Question & Answer
QUESTION

Find the value of the expression given as: $\int\limits_{0}^{\pi }{\sin \theta d\theta }$.

ANSWER Verified Verified
Hint: Use the formulae $\int{\sin xdx}=-\cos x+\,C$ and $\int\limits_{a}^{b}{f(x)dx}=\left[ F(x) \right]_{a}^{b}$ too get the integration and then substitute the values \[\cos 0=1\,and\,\cos \pi =-1\] in the equation to get the final answer.
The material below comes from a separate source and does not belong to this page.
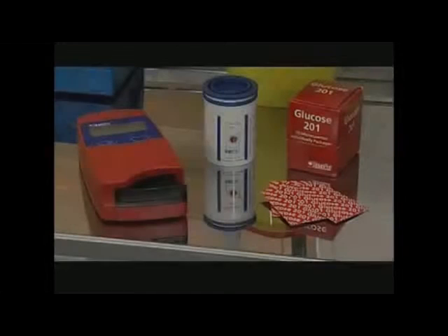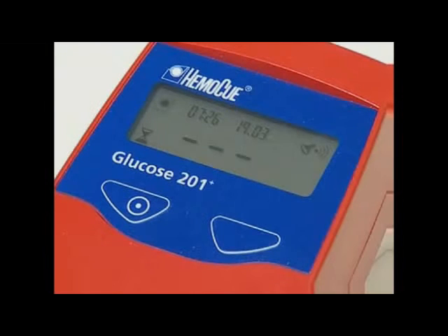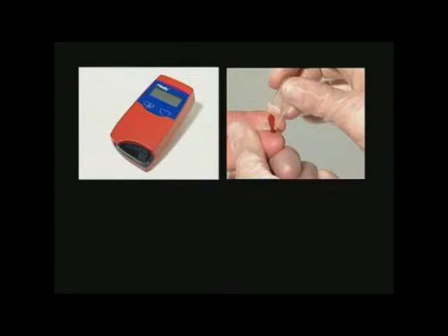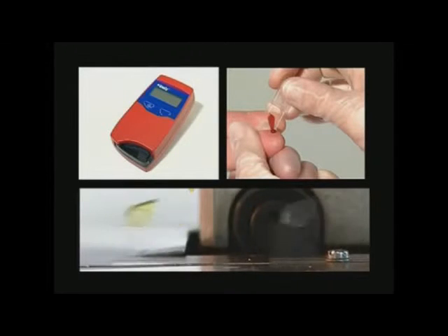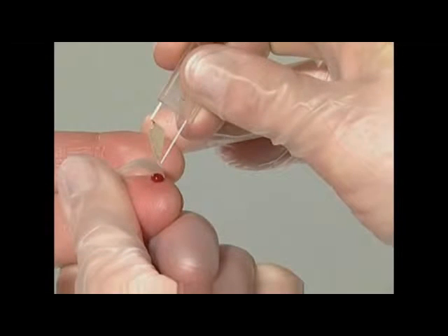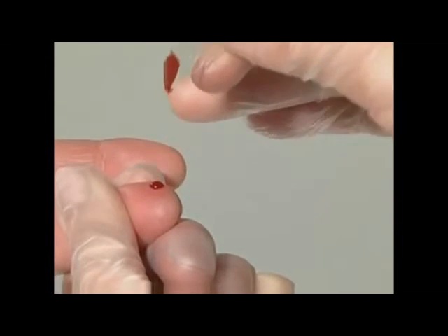The HemaQ Glucose 201 Plus is a system for the determination of the total amount of glucose in whole blood. The system consists of a specially designed analyzer with specially designed micro cuvettes containing dried reagent. The micro cuvette serves as pipette, reaction vessel, and as a measuring cuvette.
Complete step-by-step answer:
To solve the above equation we will first write it down and assume it as ‘L’, therefore,
$\Rightarrow L=\int\limits_{0}^{\pi }{\sin \theta d\theta }$ ……………………………………………………. (1)
To solve the above equation we should know the formulae of integration given below,
Formula:
$\int{\sin xdx}=-\cos x+\,C$
$\int\limits_{a}^{b}{f(x)dx}=\left[ F(x) \right]_{a}^{b}$
If we use above two formulae in equation (1) we will get,
$\Rightarrow L=\left[ -\cos \theta \right]_{0}^{\pi }$
Now to proceed further in the solution we should know how to substitute the limits in the given equation and for that we should refer the formula given below,
Formula:
$\left[ f(x) \right]_{a}^{b}=f(b)-f(a)$
If we use the above formula in ‘L’ we will get,
$\Rightarrow L=\left[ \left( -\cos \pi \right)-\left( -\cos 0 \right) \right]$
Further simplification in the above equation will give,
\[\Rightarrow L=\left[ -\cos \pi +\cos 0 \right]\]
As we know, the value of \[\cos 0\] is equal to 1 and the value of \[\cos \pi \] is equal to -1 and if we substitute these values in the above equation we will get,
\[\Rightarrow L=\left[ -\left( -1 \right)+1 \right]\]
Further simplification in the above equation will give,
Therefore, L = 1 + 1
If we simplify the above equation we will get,
Therefore, L = 2.
If we compare the above equation with equation (1) we can write,
\[\Rightarrow \int\limits_{0}^{\pi }{\sin \theta d\theta }=2\]
Therefore the value of \[\int\limits_{0}^{\pi }{\sin \theta d\theta }\] is equal to 2.

Note: Many students commit the mistake of writing the \[\int{\sin \theta d\theta }\] as \[\cos \theta \] in over confidence. But do remember that it is the derivative of \[\sin \theta \] and not the integration.